Material for this exercise:
────────

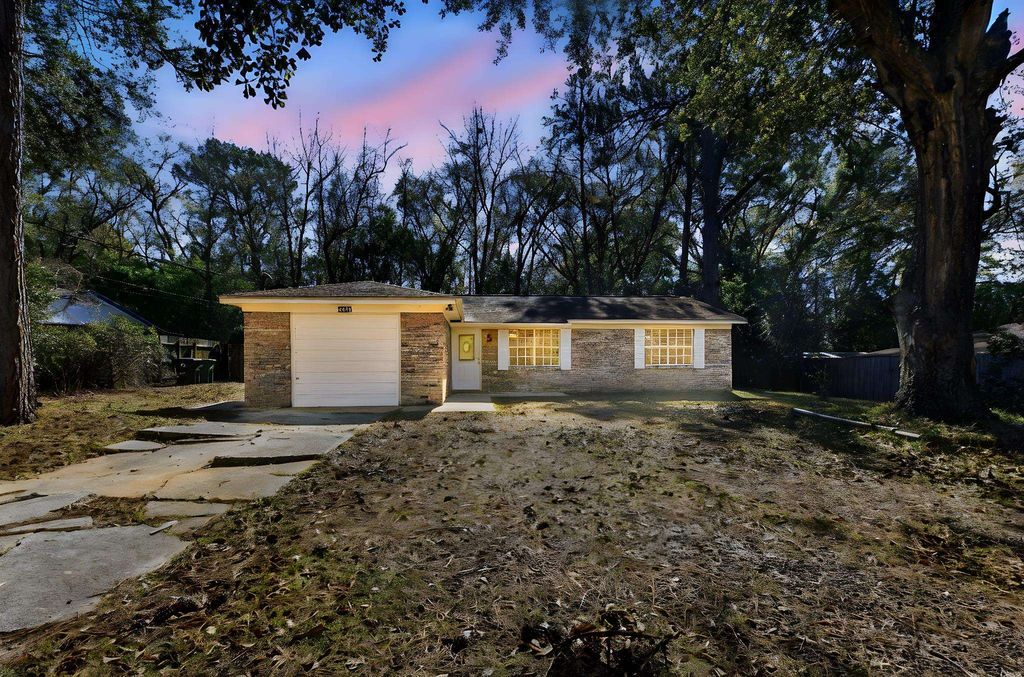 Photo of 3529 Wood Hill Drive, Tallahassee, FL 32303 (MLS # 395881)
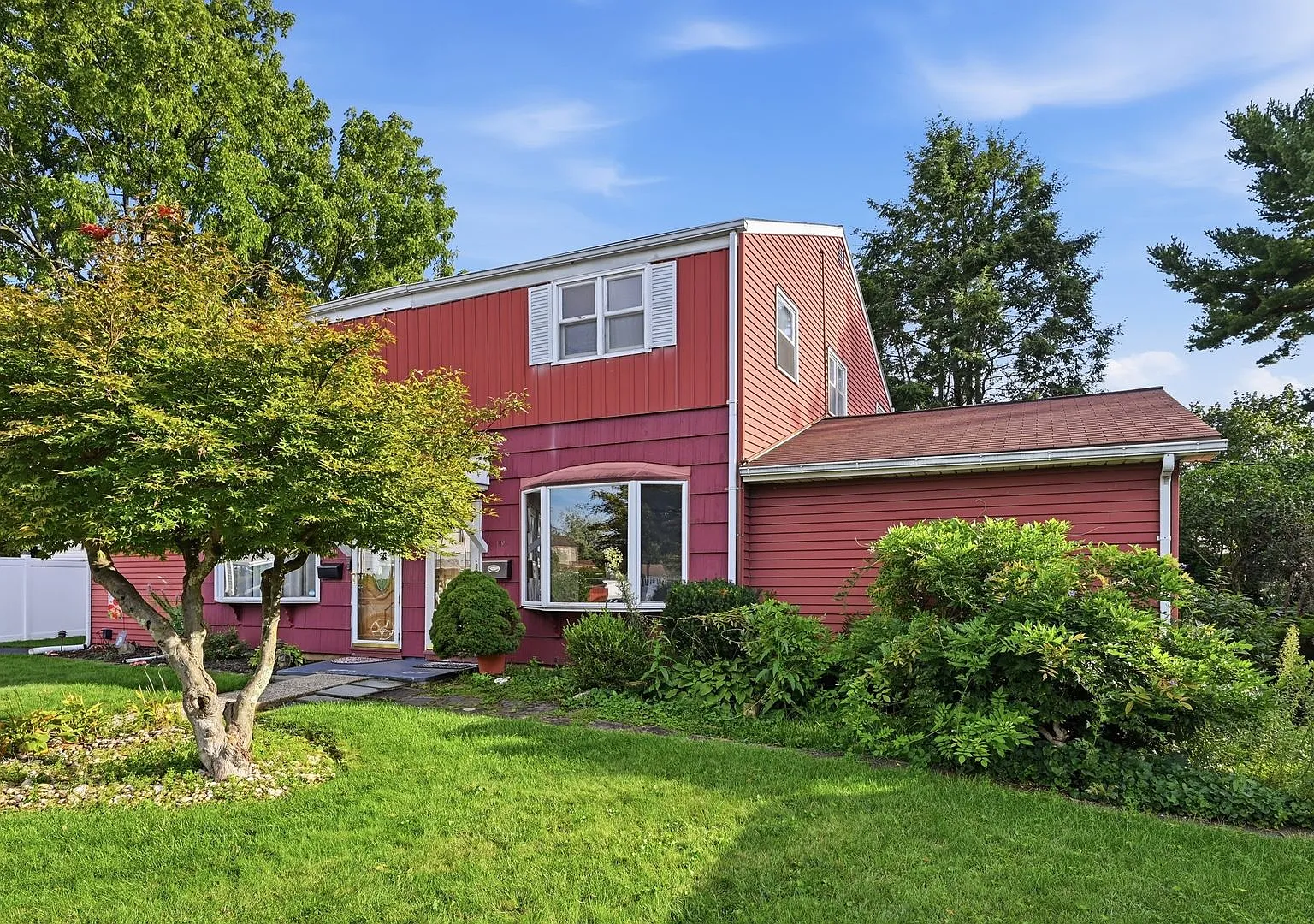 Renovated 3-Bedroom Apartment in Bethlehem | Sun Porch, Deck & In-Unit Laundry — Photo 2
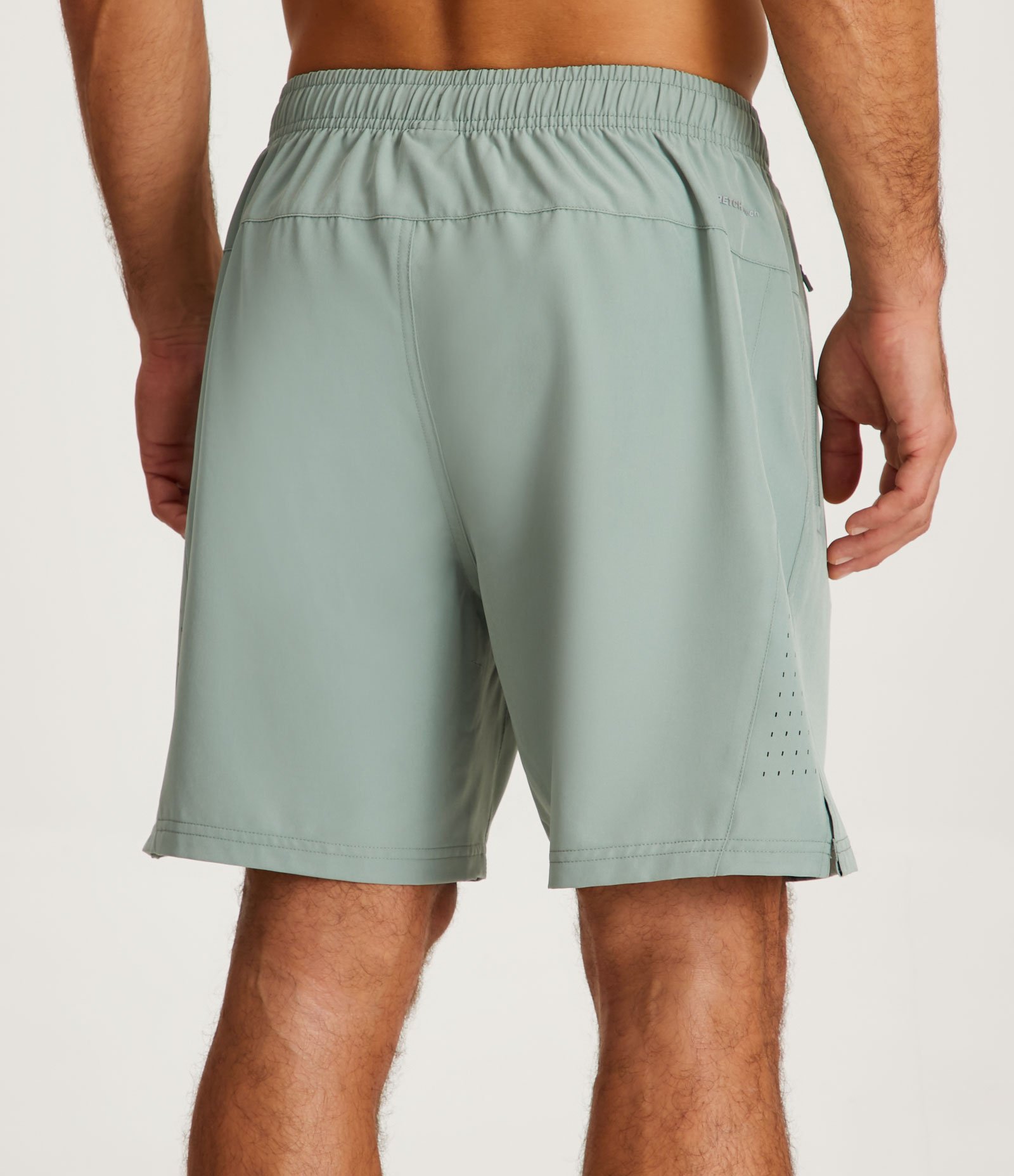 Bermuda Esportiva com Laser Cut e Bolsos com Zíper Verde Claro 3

────────

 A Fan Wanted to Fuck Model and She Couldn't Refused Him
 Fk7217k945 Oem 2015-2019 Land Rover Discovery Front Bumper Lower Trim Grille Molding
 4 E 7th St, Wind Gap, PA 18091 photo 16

────────

Your instructions:
Using the entries above, transcribe exactly from the line that has "Photo of 3529" through the line that has "Bermuda Esportiva com". Pictures are dropped.

Result for this task:
 Photo of 3529 Wood Hill Drive, Tallahassee, FL 32303 (MLS # 395881)
 Renovated 3-Bedroom Apartment in Bethlehem | Sun Porch, Deck & In-Unit Laundry — Photo 2
 Bermuda Esportiva com Laser Cut e Bolsos com Zíper Verde Claro 3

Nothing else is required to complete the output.